RECONQUISTA-レコンキスタ-稽古日誌⑪「 怒涛の選曲、10時間打合せ!」

こんにちは、作・演出のチュースキーです。

 

レコンキスタ稽古日誌もいよいよ11本目となりました。

今日は作品で大きなウェイトを占める音楽部分、その打合せの様子を綴ります。

 

振り返って2月24日。

 

成城学園にある音楽監督の坂出雅海さんのIGOスタジオに集まったのは、ピアニストの堀切洋子さんと私の3人。

この日は、文字通り「体力勝負」の第二回目の音楽打合せでした。前回もそうですが、SideB作品の音楽打合せは本当に体力勝負の長尺なんです。

 

前回の一回目は私が作成した約130箇所のピアノ曲、SEについての話し合い。

台本をベースに各シーンごとの曲のイメージをリストアップして2人に共有しました。

 

その時にも坂出さんや堀切さんから「これ、多すぎじゃない!」と驚きの声が。今作はSideB史上、もっともピアノ曲が多いです。

しかし、作品全体の完成図が頭の中にある私としては「これ位は必要なんです」と回答。

 

それから数週間を経て、延々とイメージにあうピアノ曲をセレクトし続けた堀切さんが実際に演奏しながら判断する時間ととなりました。

 

余談ですが、イマノカゲキの場合BGMは伊藤和美さんが書き下ろしたのですが、SideBの場合、堀切さんが作品に合うものを選曲するという方法をとっています。もちろん著作権等に抵触するものは省いています。この日の打合せまで膨大な数の曲と向かい合ってきた堀切さん。このあたり、一緒に数本の作品を作ってきているので、お互い「どんな曲が欲しいのか」細かく話さなくてもイメージが共有できております。

今回、台本を読みこんだ堀切さんがメインの作曲家としてピックアップしてきたのが、ハンガリーの作曲家、バルトークでした。

ちなみにバルトークはこんな人

https://ja.wikipedia.org/wiki/%E3%83%90%E3%83%AB%E3%83%88%E3%83%BC%E3%82%AF%E3%83%BB%E3%83%99%E3%83%BC%E3%83%A9

前作、「2030」の時がチェコの作曲家、ヤナーチェクだったことを考えると、我々と東欧の作曲家との不思議な縁を感じます。

 

打ち合わせではバルトークを中心に選曲したものを実際に弾いてもらい、私はシーンの意図やイメージを、坂出さんからは音楽的見地からそれぞれ意見を出し合い、選曲を行っていきます。

 

例えば、Aというシーンでセレクトされた曲が、Bのシーンにつけることになったり、

Cのシーンで使う曲を、同じ人物が出ているDのシーンで再度使ったりと

全体を通してみて、「一貫性のある選曲」を3人で心がけながら延々と作業していきます。

 

この間、堀切さんはピアノに座りっぱなしてずっと曲を弾き通しています。こういう姿の彼女を見るといつも尊敬の念が芽生えます。

 

一方の、音楽監督の坂出さんは、日本の音楽シーンをけん引してきた、レジェンドバンド・ヒカシューのベーシスト。音楽家としての長年の経験から、「ここは左手をこう弾いた方がいいよ」「この部分だけ、押さえて弾いてもらえる?」堀切さんに的確な指示を出していきます。自分には絶対にできないアドバイスはさすがです。
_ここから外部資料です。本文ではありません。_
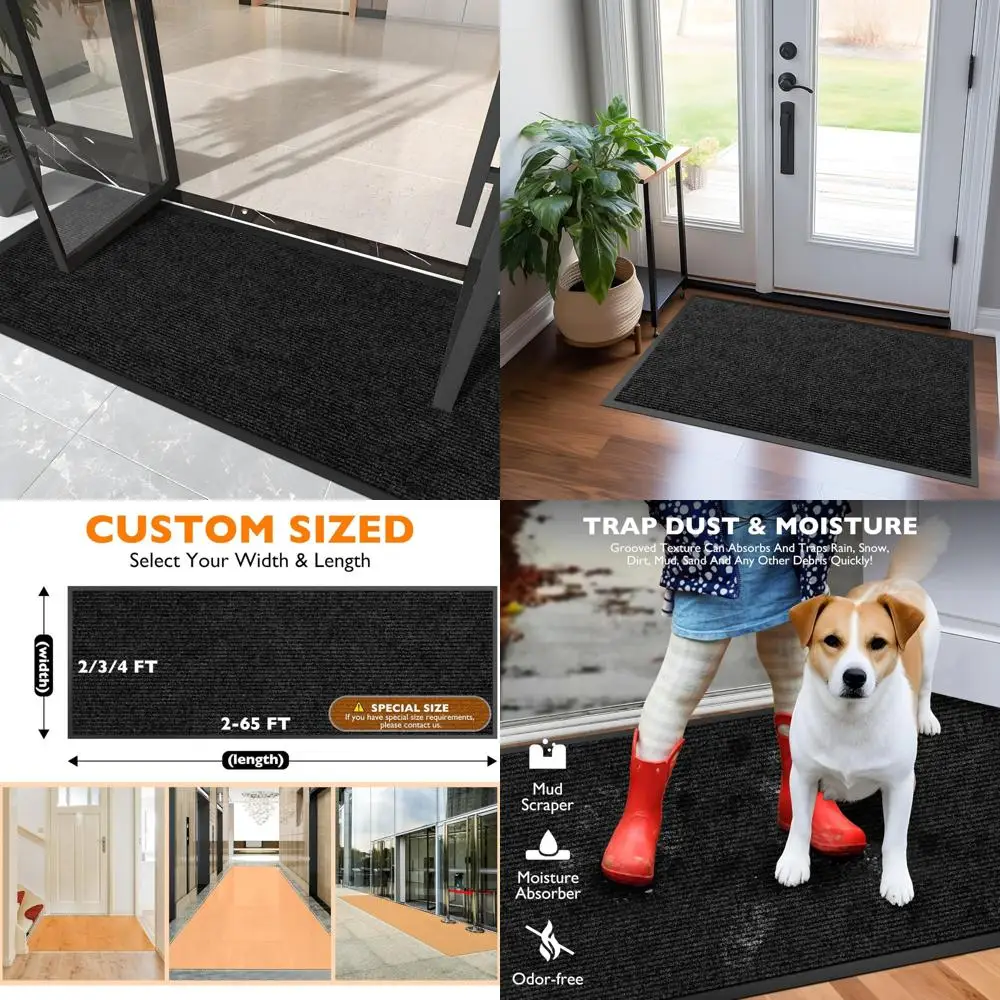 

Extra Large Heavy Duty Entrance Floor Mat - 2FT x 13FT Indoor Outdoor Dirt Trapper Commercial Mat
こういうやり取りを聞いていると、「自分も作曲を勉強しようかな」と思うのですが現実問題として台本を書いたり演出をしたりと、持ち時間がなくてまだ作曲までは手が出せません。

以前、堀切さんにもこの件相談したことがあるのですが「人生の持ち時間は限られているのだから、自分が秀でた分野に時間を使った方がいいと思います」と回答されました。確かに世界中には偉大な作曲家が沢山いますからね。

 

曲を弾いて、討論して、検討してを延々と繰り返し。

延々と弾き続ける堀切さん。 弾き方に坂出さんからアドバイスが入ります。

音楽家同士の真剣なやり取り。堀切さん「この時間。楽しかった!」とのこと。

 

途中、何度か休憩をはさんで打合せが終わったのが23時30分! 約10時間に及ぶ音楽打合せも終了!

 

早く終わったら、「ご飯でも行きましょうよ」、と言っていましたガまったくそんな余裕はありませんでした。

(実際にみんなでご飯でもと思って声をかけた森川さんは、ただ音楽の様子を聞いていたにとどまりました)

 

このような地道な取り組みが、本番で大きな花を咲かせます。

まだ本作をご覧になっていないかた、是非こだわりの音楽をDVDで確認してみてくださいね!